▶ _Description of the task_: What are the lines from the top of the entries through the one with "Carátula de Creatures of Ava"? Write them out exactly, with no pictures.
BEGIN Extracted entries
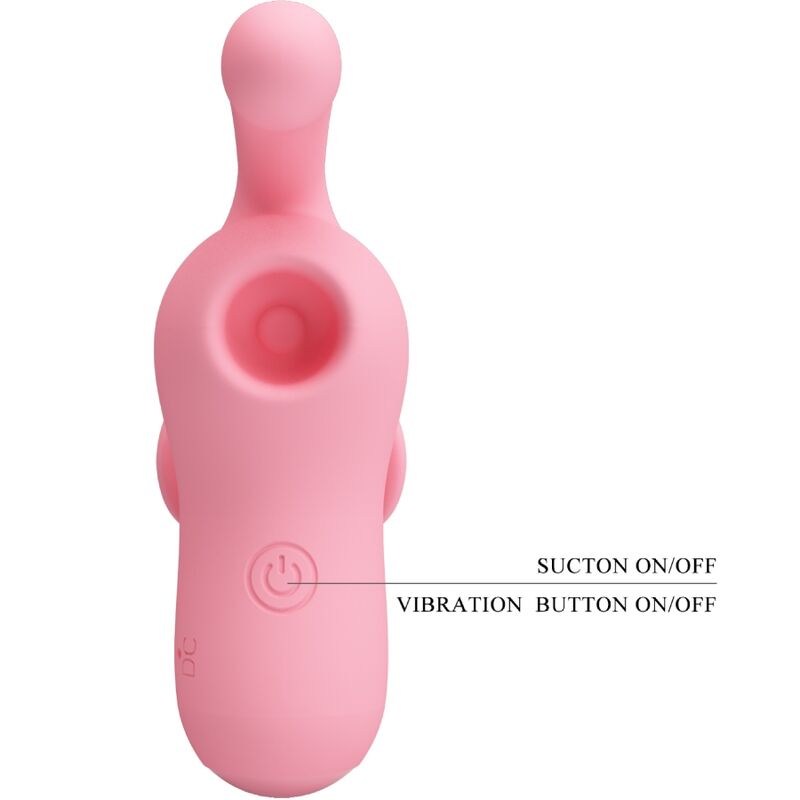 Vibromasseur À Doigt Silicone Rechargeable Jaune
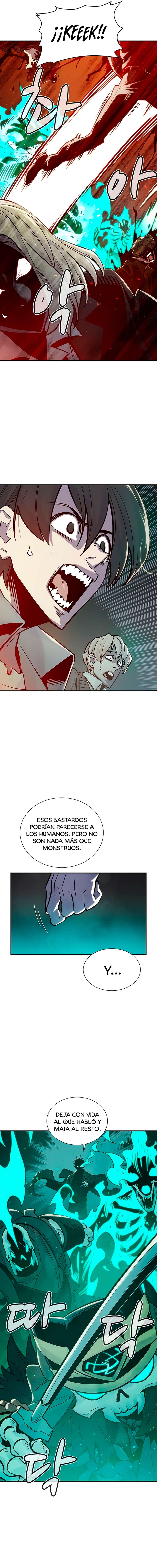 El Nigromante en Solitario Capítulo 23 - Page 9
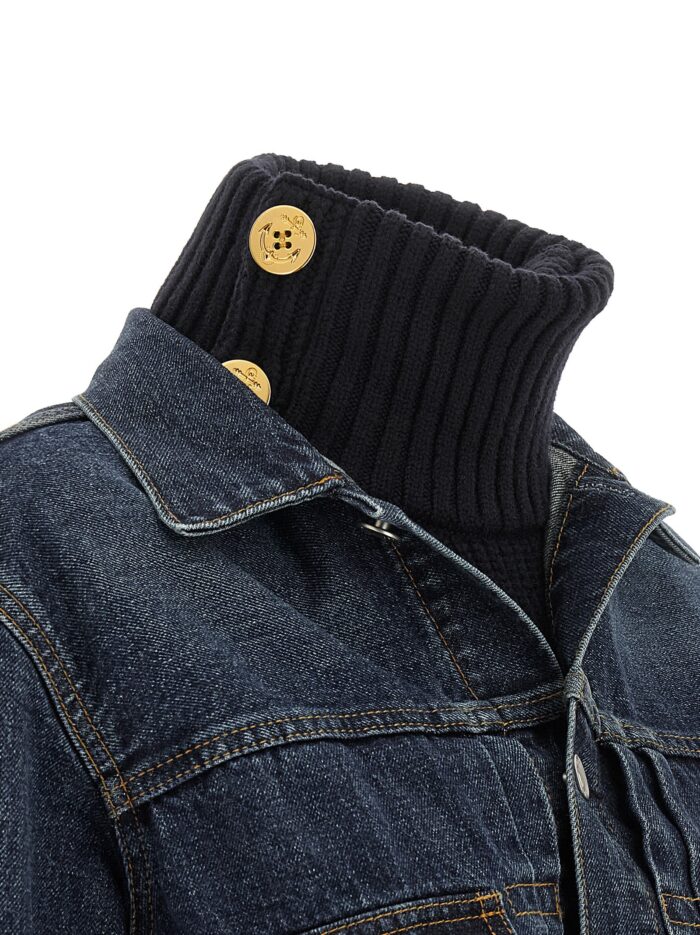 SACAI Hybrid Jacket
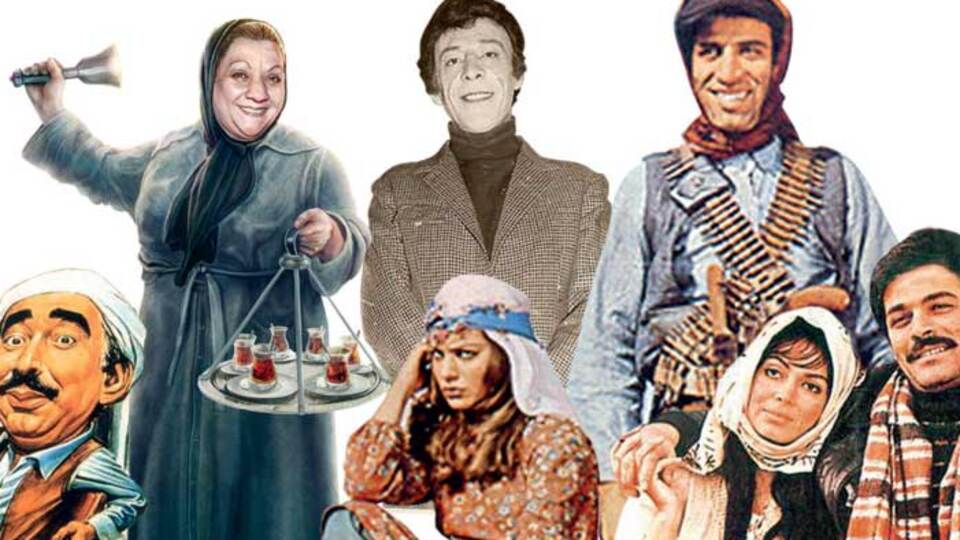 Türk sineması 100 yaşında -3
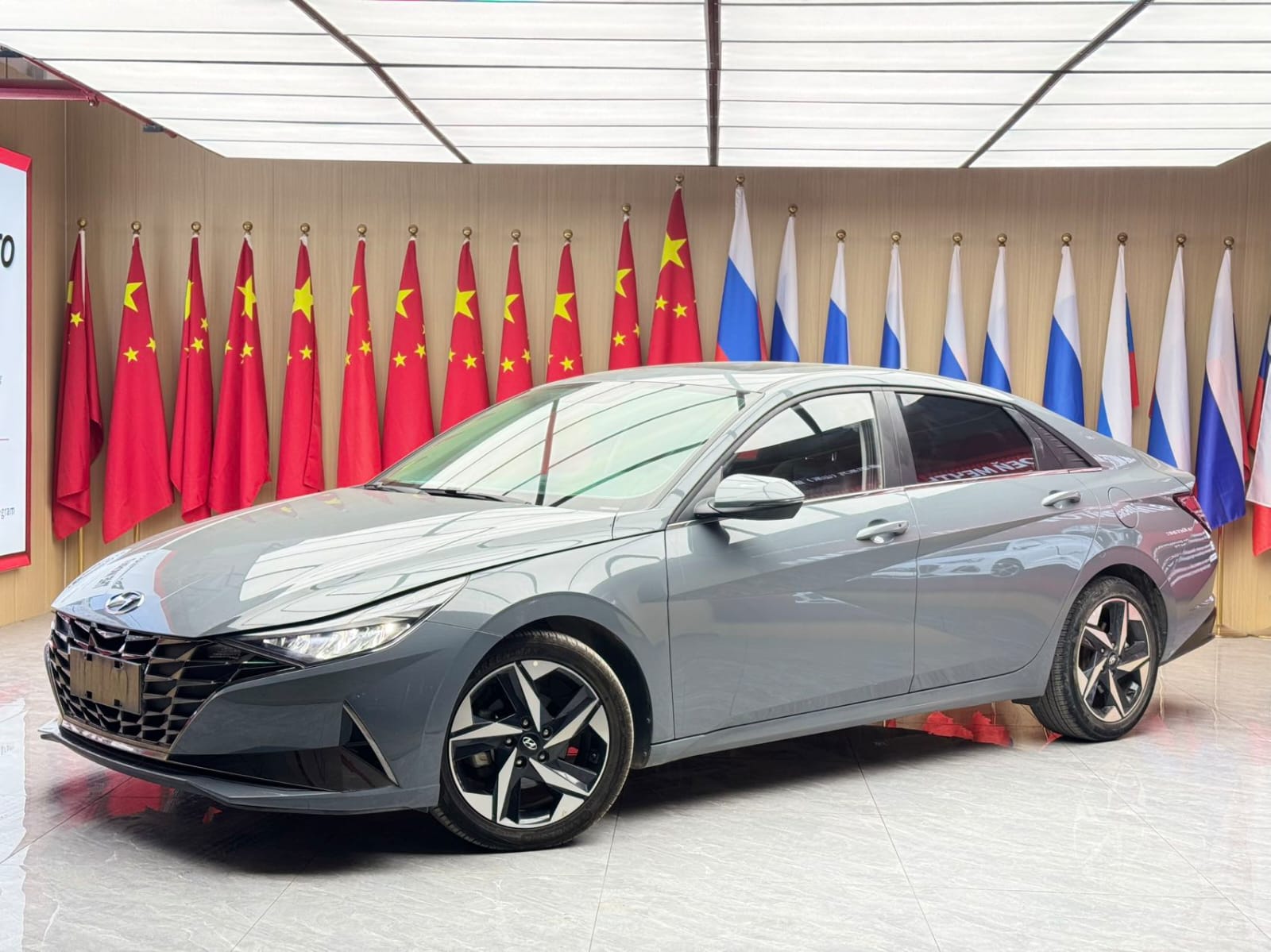 Hyundai Elantra 1.5L CVT GLX Elite Edition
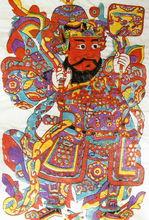 朱仙鎮木版年畫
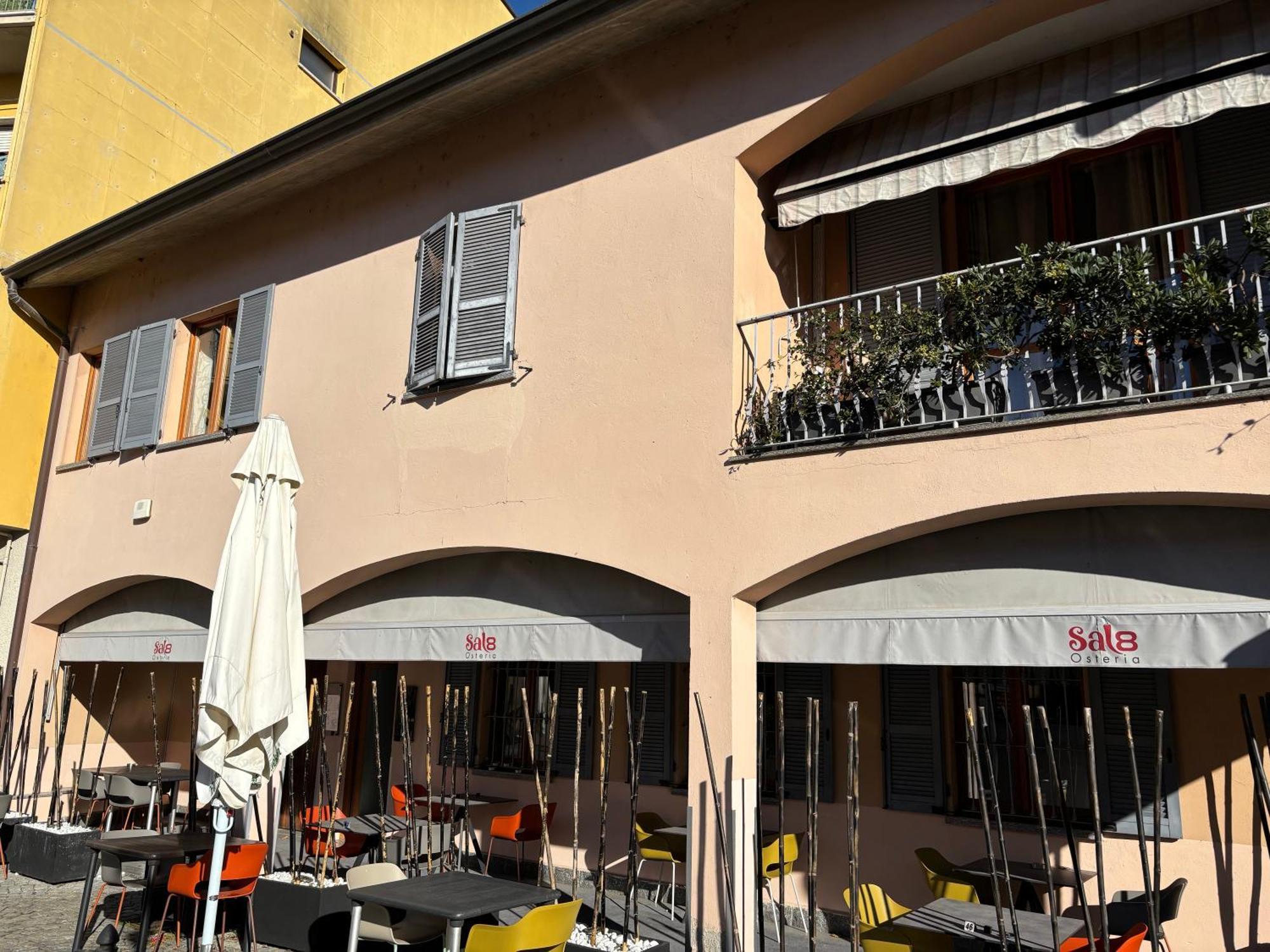 Le Camere Del Sal8 Al Parco Villasanta Exterior photo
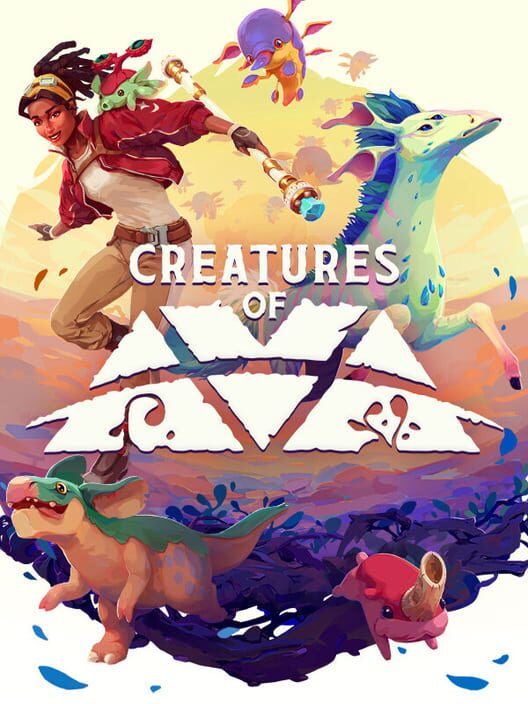 Carátula de Creatures of Ava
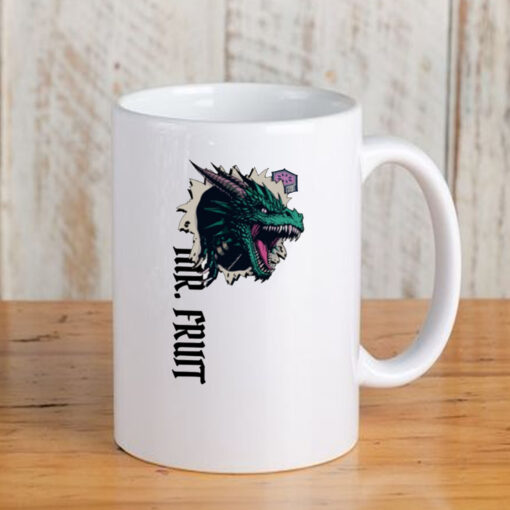 Dotexe Mr. Fruit Dragon Mug 20243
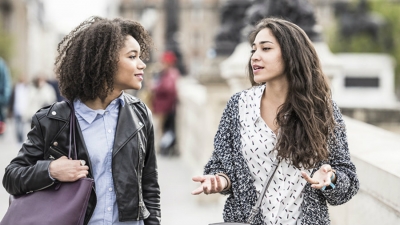 Decoding ‘noisy’ language in daily life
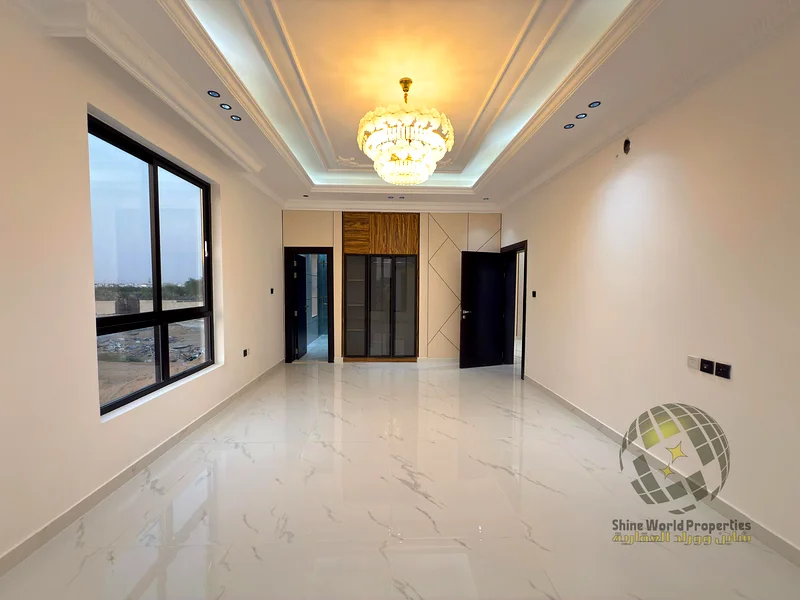 Modern Luxury Villa| in Al Helio 2 | Spacious Family Home with| Prime Location63901036084353113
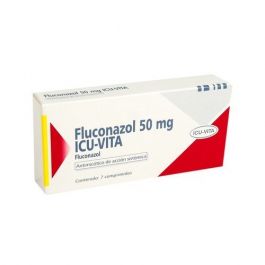 Fluconazol Icu Vita 50Mg 7 Comprimidos (descuento c/ receta) - Farmacia  Vant Hoff 24 - Salto Uruguay.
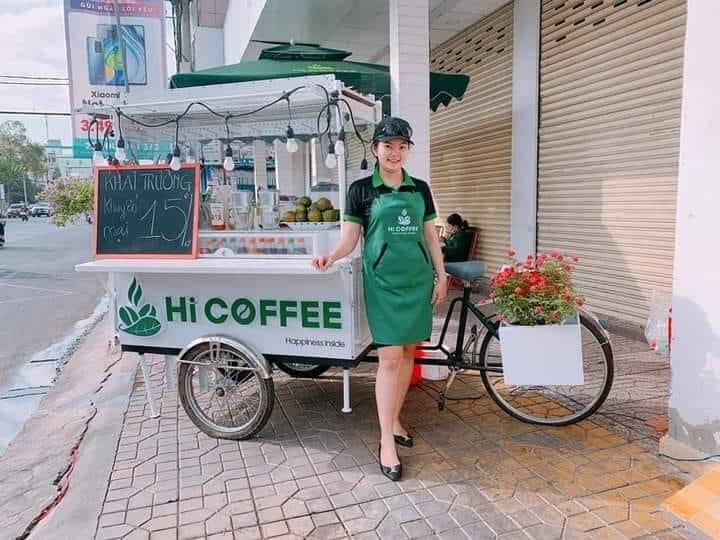 Mẫu xe đẩy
END Extracted entries
▶ _Finished exercise_:
 Vibromasseur À Doigt Silicone Rechargeable Jaune
 El Nigromante en Solitario Capítulo 23 - Page 9
 SACAI Hybrid Jacket
 Türk sineması 100 yaşında -3
 Hyundai Elantra 1.5L CVT GLX Elite Edition
 朱仙鎮木版年畫
 Le Camere Del Sal8 Al Parco Villasanta Exterior photo
 Carátula de Creatures of Ava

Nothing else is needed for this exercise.